Oppure puoi osare. Puoi fregartene dei soldi e tenerti la tua piccola cerchia di fans, creando la TUA musica. Che è musica vera, che viene da dentro. Dove ogni suono, anche il più banale o imprevedibile, è estrapolato dal cuore dell'artista con il bisturi della passione e dell'ispirazione. Sawako sicuramente fa parte di questa cerchia.
E nonostante sia abbastanza sbarazzina e giovane per poter essere una idol, lei cerca di far suonare l'impossibile, mandando pure a fare in culo le varie Ayumi Hamasaki. E ci riesce con questo ovattato "Madoromi", dove ti aspetti di trovarci una (non)musica di gente come Taku Sugimoto, che incide dischi senza cantare nè suonare nulla.

Invece, nei timpani dell'ascoltatore viene esteso sino all'orizzonte un campo sonoro di delicata concezione, un overture come "August Neige". Un oceano sospeso tra cielo e terra, dove si riesce a sentire il coro di sirene ammaliatrici dall'oltretomba.
Sawako è appena percettibile sull'orizzonte e sembra una bambina che è riuscita a scoprire dove la mamma le ha nascosto la marmellata: tenera ed intensa.

Un'atmosfera dell'IDM autechriana più calma e impalpabile si gusta con "It's Not On Porpuse", godibile fino al midollo della sua staticità umana. Solo un paio di note che suonano già come un inno, disturbate da effetti elettronici intelligenti. Nulla di originale, ma la stoffa c'è.

Ancora atmosfere delicate in "Uta Tane", un confine tra elettronica e sonorità acustiche. Due stili che si incontrano, si sfiorano e non si riconoscono, seppur si specchino nel medesimo specchio sonoro. Un universo di suoni e colori pastello che figura anche nella successiva, breve "Passepass", un episodio poco interessante, ma necessario in un'opera che si fluidifica nel suo insieme, quasi se fosse un concept sul comportamento umano, e senza ricorrrere a parole, ma alla tosse infantile, metafora di un malessere interiore.

Gli acquerelli di un arcobaleno musicale si fondono nell'eterea "Appeled Soapbox", dove i confini tra realtà e finzione sono veramente flebili. Onirica, astratta e levigata.

"Kira Kira" è un frusciare di campanelli e suoni acquatici, notturno e nevoso come i microsuoni dei Matmos nel capolavoro di Bjork "Vespertine".

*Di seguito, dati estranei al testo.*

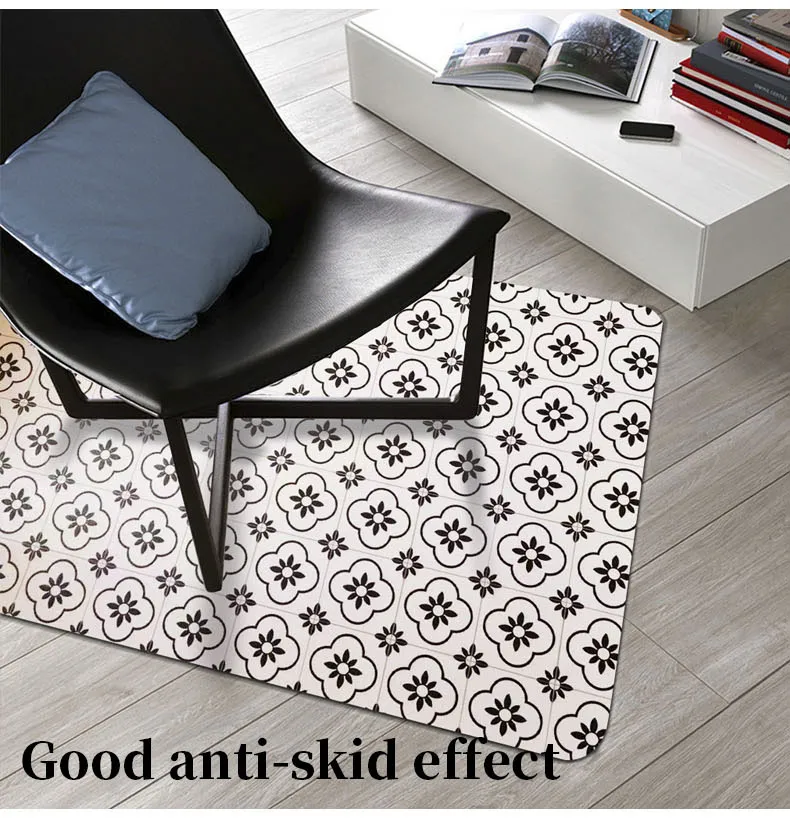 PVC Printed Soft Silicon Popular Anti Slip Office Floor Protection Chair Mat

"Purple Sky Is Coming" sembra una cover del Mika Vainio più cupo e astratto. Qua e là si coglie qualche passaggio che ricorda le incursioni brass di "Drawing Restraint 9" e non dispiace. I paesaggi sonori sono così efficaci, che appena la ascolti terre incontaminate si scagliano davanti ai tuoi occhi, come un ago attraversa la pelle.

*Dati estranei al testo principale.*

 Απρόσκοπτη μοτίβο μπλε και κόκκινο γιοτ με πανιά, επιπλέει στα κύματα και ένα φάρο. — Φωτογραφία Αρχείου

"Far Away" è malinconica e drammatica e pur essendo un semistrumentale fa venire le lacrime agli occhi. Struggente. L'anima è sospesa in un limbo di ossa, muscoli, carne e macerie. Basta sentire i sussurri lontani e frangenti della ragazzina nipponica per innamorarsene. Un capolavoro della musica elettronica, che ricorda spesso i Sigur Ròs degli anni d'oro. Cosa chiedere di più? Un carillon di surreale bellezza chiude il tutto con una danza in punta di piedi.

Mettiamo chiaro che questa musicista giapponese nulla toglie e nulla aggiunge al panorama della musica elettronica. Non mette le mani sul fuoco, tentando l'impensabile, ma suona comunque innovativa e aggressiva nelle sue lievi cicatrici sonore. Vi sembra incredibile? E allora ascoltatela.

Se non ritenete snervante la totale mancanza di ritmi e vi piace divagare con la mente. Beh, allora questo è il vostro disco. Beata sia Sawako!